Corruption exists all over the world and thrives at all layers of government. Officers who refuse to enter the bandwagon are victimized. In India, the Tehelka expose involving defense deals had not only victimized the reporters involved in the undercover operation but also harassed virtually anybody associated with the portal. In this case, the owner of the Global capital who owned a share in the portal was imprisoned without any concrete charges framed against him. All this was due to the fact that the expose had caught some of the high ups in the ruling coalition taking bribes on camera! More recently, the Labour Government in England had found a scapegoat in Dr David Kelly who was considered a 'mole' in the Ministry of Defence inorder to draw public attention away from the Iraq war. He was named as the source of a disputed BBC report claiming the Downing Street had "sexed up" evidence of Iraqi weapons of mass destruction so as to drive the country into the war with Iraq.
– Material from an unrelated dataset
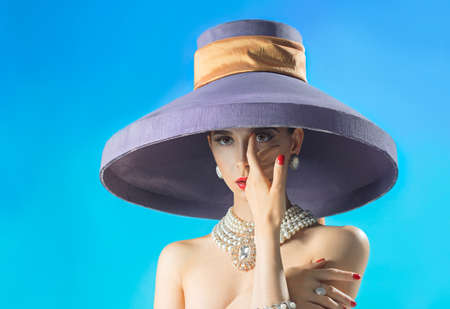 Portrait beautiful woman in the lilac hat with a hand near faceの写真素材
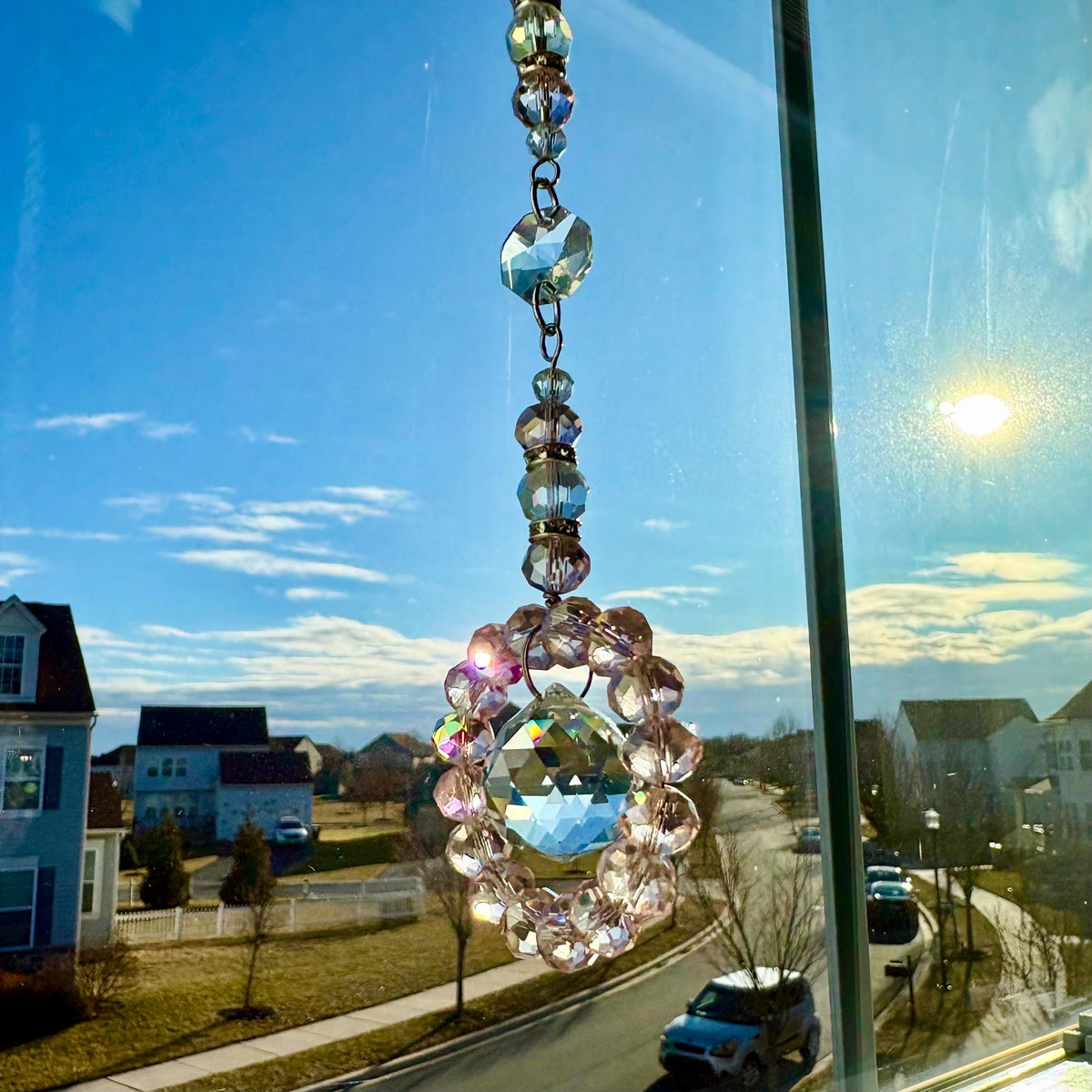 A decorative crystal suncatcher hanging in front of a window. The suncatcher features a large, faceted crystal ball surrounded by a ring of pink beads and smaller crystals. The sky and neighborhood are visible in the background.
The need and urgency of a whistleblowing act cannot be overemphasized even as Satyendra Dubey's death sparked off widespread public protest. Both in unlettered societies with meager resources as also in the developed world, there is an urgent need both for access to information by the public along with an act that would provide protection to all those who blew the whistle. It is time that the authorities took cognizance of the fact that money associated with development works that usually comes from the tax payers pocket lands up in corrupt hands. In the process development takes the back seat. India cannot afford to lose its money nor its resources. The real heroes of today's world are honest people. They are few and far between. They are the ones society is longing to follow. But everywhere it sees them fail. Yet the world, and developing countries especially cannot afford to loseits honest officers who stand up against all odds and risk their lives. It is time the government thinks about cleaning its system by providing protection to all those ordinary people who dares to bare open facts and has a stake at country's future. Mere assurance from the Prime Minister that the guilty wouldn't be spared is not enough---either to the citizens or to Dubey's family. If the government really means business it has to go about demonstrating that there are systems in place for good people to rely on. We need a fast and efficient judiciary to handover judgments in fair and impartial manner with or without political and social pressure, and a clean and unbiased police that will come to the aid of those working on the right side of the law; we also need public knowledge about the constitution and rule of law; and laws that will encourage people in both urban and rural areas to come forward without any fear to usher in an era of transparency, accountability and participation in the governance of the country. We need a system, a society where a person can do its duty without fear and the head held high. If the government really intends to deliver such a nation, then it is time the government pulled up its sleeves and makes concrete efforts to pass a whistleblowers act. It follows that no measure to curb government and corporate transgressions in India or elsewhere will bear fruit unless legal immunity and protection against retaliation is given to responsible and conscientious whistleblowing.